"Operação Entebbe" nas telas da Berlinale
20 de fevereiro de 2018
A história do sequestro do avião da Air France, em 1976, volta às telas do cinema pelo olhar do realizador brasileiro José Padilha, que dirigiu os filmes "Tropa de Elite" e também a série "Narcos".
O filme "7 Days in Entebbe" (ou "7 Dias em Entebbe", na tradução literal para o português) traz para as telas da Berlinale a história da operação de resgate dos passageiros do avião da Air France, sequestrado em 1976 por membros da Frente Popular para a Libertação da Palestina e dois alemães membros de Células Revolucionárias da extrema esquerda da Alemanha e levado para o principal aeroporto do Uganda na época.
José Padilha revela porque aceitou o convite para dirigir uma nova versão da história, já retratada em diversas produções anteriores.
"A maioria dos outros filmes conta a história da perspetiva militar e mostra uma história de heroísmo, ignorando as interações entre os reféns e os sequestradores, bem como os aspetos políticos em Israel", afirma.
Os passageiros israelitas são transformados pelos sequestradores em moeda de troca pela libertação de terroristas e militares palestinianos, presos em Israel.
Os raptores receberam o apoio do então Presidente do Uganda, Idi Amin. A operação foi concluída com uma intervenção militar israelita.
Versão baseada em testemunhos
Para fazer o filme, a equipe de Padilha fez uma grande pesquisa que incluiu o encontro com testemunhas da época, entre eles o engenheiro francês Jacques Lemoine, que sobreviveu ao sequestro. Assim, "7 Days em Entebbe" traz uma versão diferente da oficial, explica o realizador José Padilha.

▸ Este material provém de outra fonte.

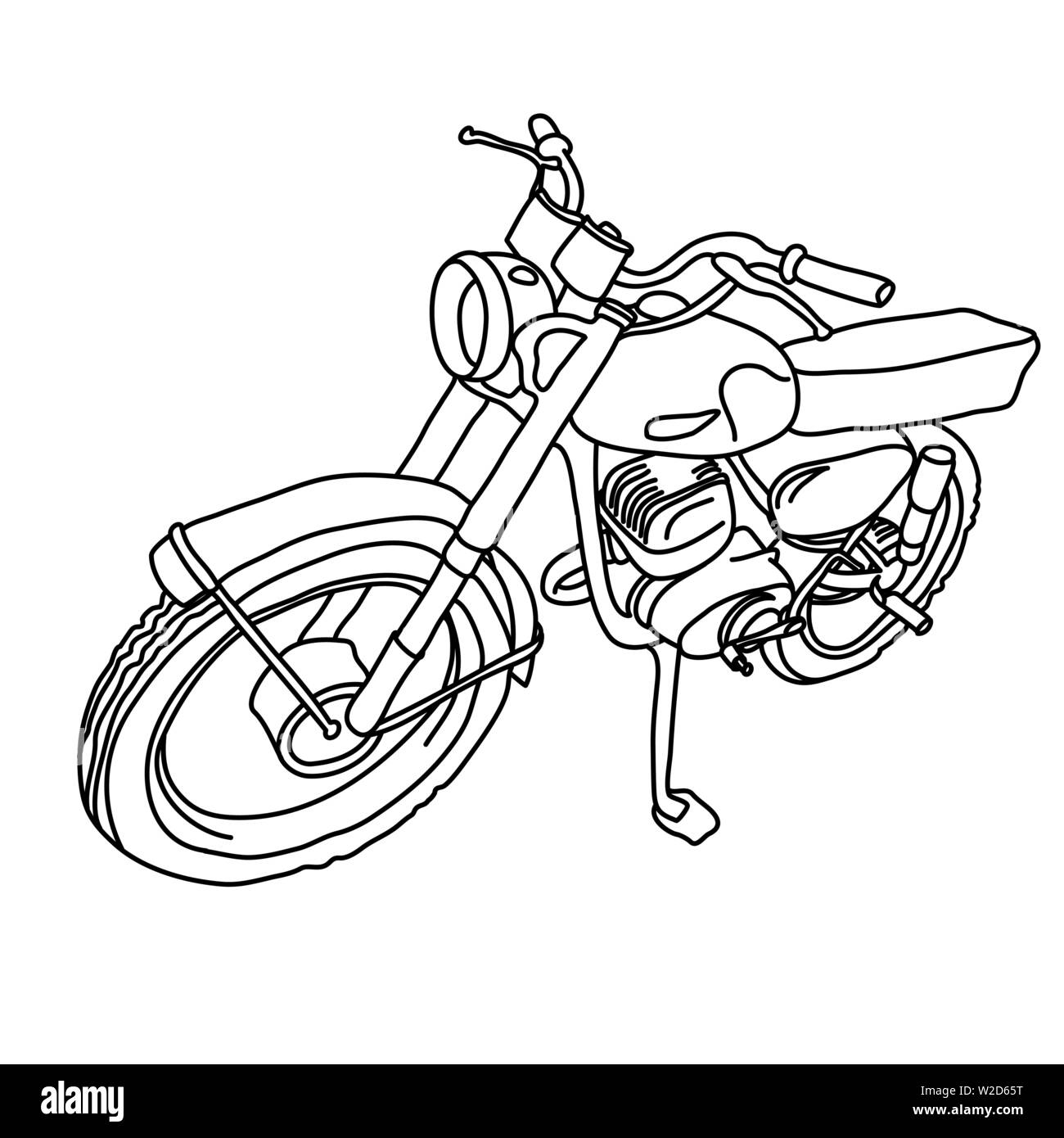 Croquis de scooter. Impression de vélo. Vector illustration simple. Illustration de Vecteur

"Falámos com muitas pessoas para fazer a pesquisa sobre este filme. Foi importante para ter os factos com precisão. Especialmente porque a narrativa oficial é uma história militar e, no guião, havia um momento onde [o sequestrador alemão Wilfried] Böse decide que sua prioridade não é matar os reféns. Ele diz a Jacques Lemoine para se deitar. Mas isso não está na narrativa oficial. Então tive que verificar isso, e é verdade", defende.

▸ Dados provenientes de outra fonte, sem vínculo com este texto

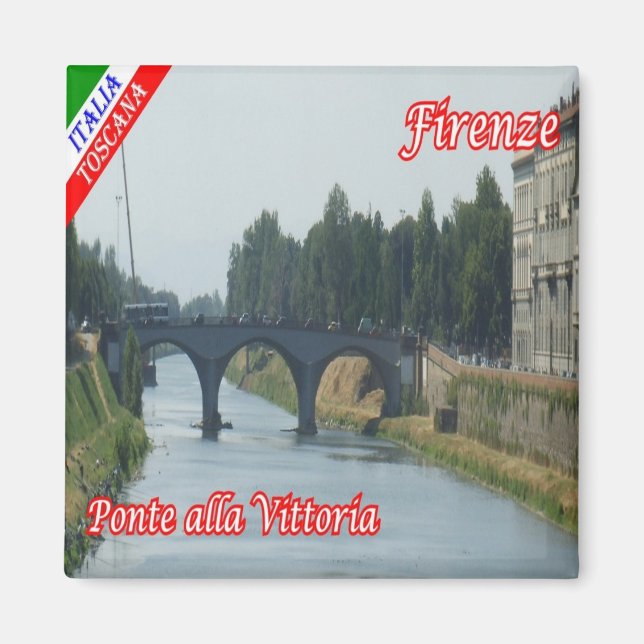 IT - Italien - Florens - Bridge Ponte alla Vittori Magnet (Framsidan)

O ator alemão Daniel Brühl é um dos protagonistas do filme, na pele do sequestrador alemão Wilfried Böse.
"Como ator, tive de fazer uma escolha. Foi muito importante ter fontes e testemunhas oculares como Lemoine a dizer que se lembra claramente daquele momento e que, para ele, Böse tomou esta decisão de não matar os reféns. Este tipo de informação foi absolutamente crucial para mim", conta Brühl.
Papel do Uganda
No filme, o então Presidente Idi Amin é representado pelo ator britânico de origem nigeriana Nonso Anozie. Nas cenas em que Amin faz visitas esporádicas aos reféns, o tom é de bom humor e comédia, numa tentativa de retratar a personalidade "folclórica" do então Presidente.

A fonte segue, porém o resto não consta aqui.